That`s not the question. Perhaps I did not express myself clear enough.

As you know - an OTA is a voltage controlled current source, which is characterized using the transconductance gm to define the output-to-input ratio.
And the same applies to a transistor, which also has a transfer curve Id=f(Vbe) with a slope that is identical to the transconductance gm=Ic/Vt (Vt=26 mV).
My only point is: Is there any good reason to use the inverse form re=1/gm in the gain expression?
Isn´t it logical and straight-forward to use the transconductance of the transfer curve to write for the small signals (ac) ic=gm*vbe ?
Why do you prefer ic=vbe/re (with re=1/gm) ? Does this provide more insight into the transistors operation? I have some doubts.
(By the way: I do not use every form of an equation I was taught many, many years ago).

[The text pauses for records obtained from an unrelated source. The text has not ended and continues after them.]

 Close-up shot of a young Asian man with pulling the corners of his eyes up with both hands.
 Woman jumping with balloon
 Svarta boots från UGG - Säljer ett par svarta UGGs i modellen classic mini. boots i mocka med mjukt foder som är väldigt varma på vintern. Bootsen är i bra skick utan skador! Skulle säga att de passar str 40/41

EDIT: Here comes another point of view:

A resistance is defined as the ratio between a voltage across a conducting device and the current through this device.
However, as we all know - this does NOT apply to the base-emitter path and the collector current.
Thus, it is even not correct to use the resistor symbol re for the (differential) ratio vbe/ic.
Therefore, we must use the term " transconductance" gm=ic/vbe which reflects the physical truth. There is no "internal resistance" re !!!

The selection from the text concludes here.